> [TASK DIRECTIONS]: Produce an exact copy of all the data below, dropping every image.

> [PROVIDED DATA]:
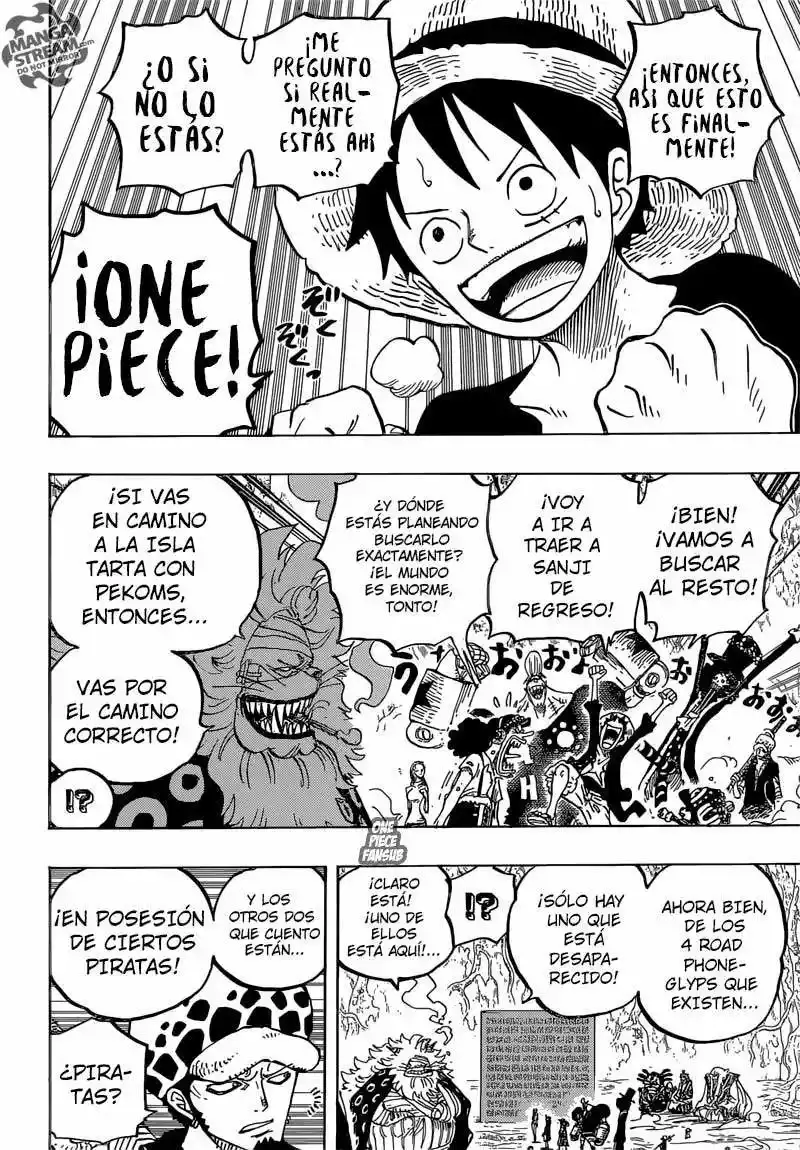 Read One Piece (es) Manga Online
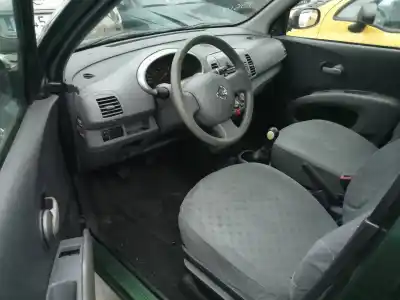Veicolo di demolizione nissan micra (k12e) acenta dell'anno 2004 alimentato cr12
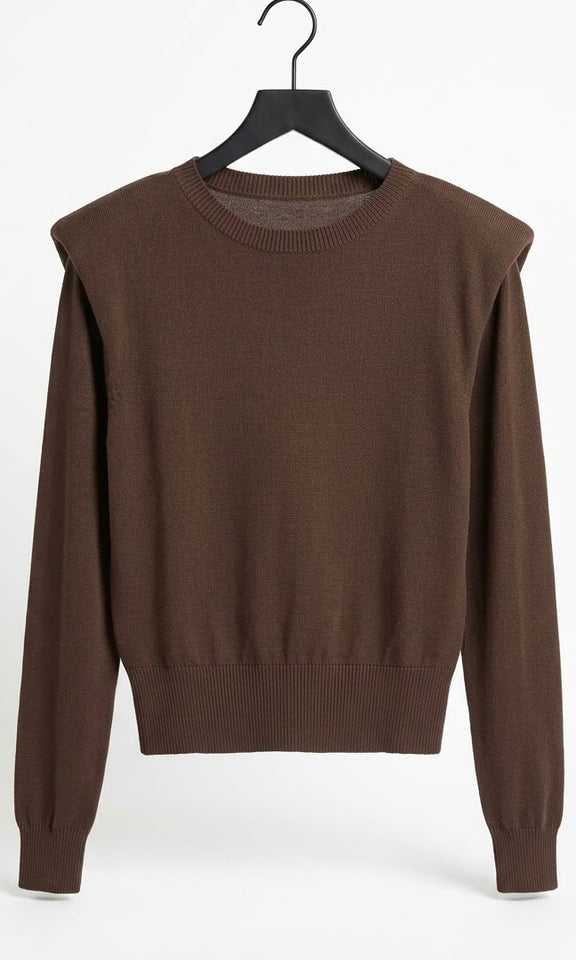 JERSEY POVDIV MARRON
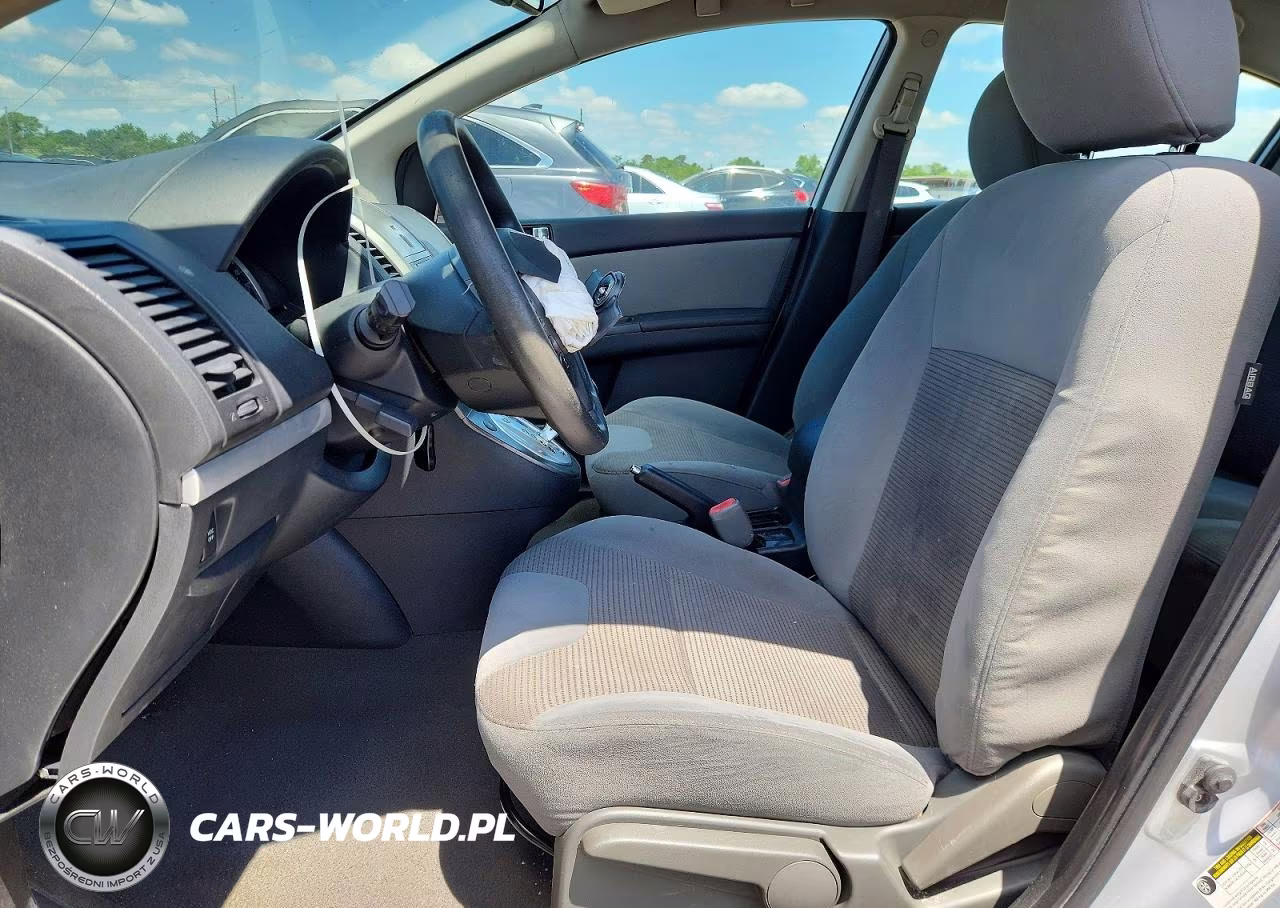 2011 Nissan Sentra 2.0 VIN:3N1AB6AP3BL689490 - 7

> [SOLUTION TO THE EXERCISE]:
 Read One Piece (es) Manga Online
Veicolo di demolizione nissan micra (k12e) acenta dell'anno 2004 alimentato cr12
 JERSEY POVDIV MARRON
 2011 Nissan Sentra 2.0 VIN:3N1AB6AP3BL689490 - 7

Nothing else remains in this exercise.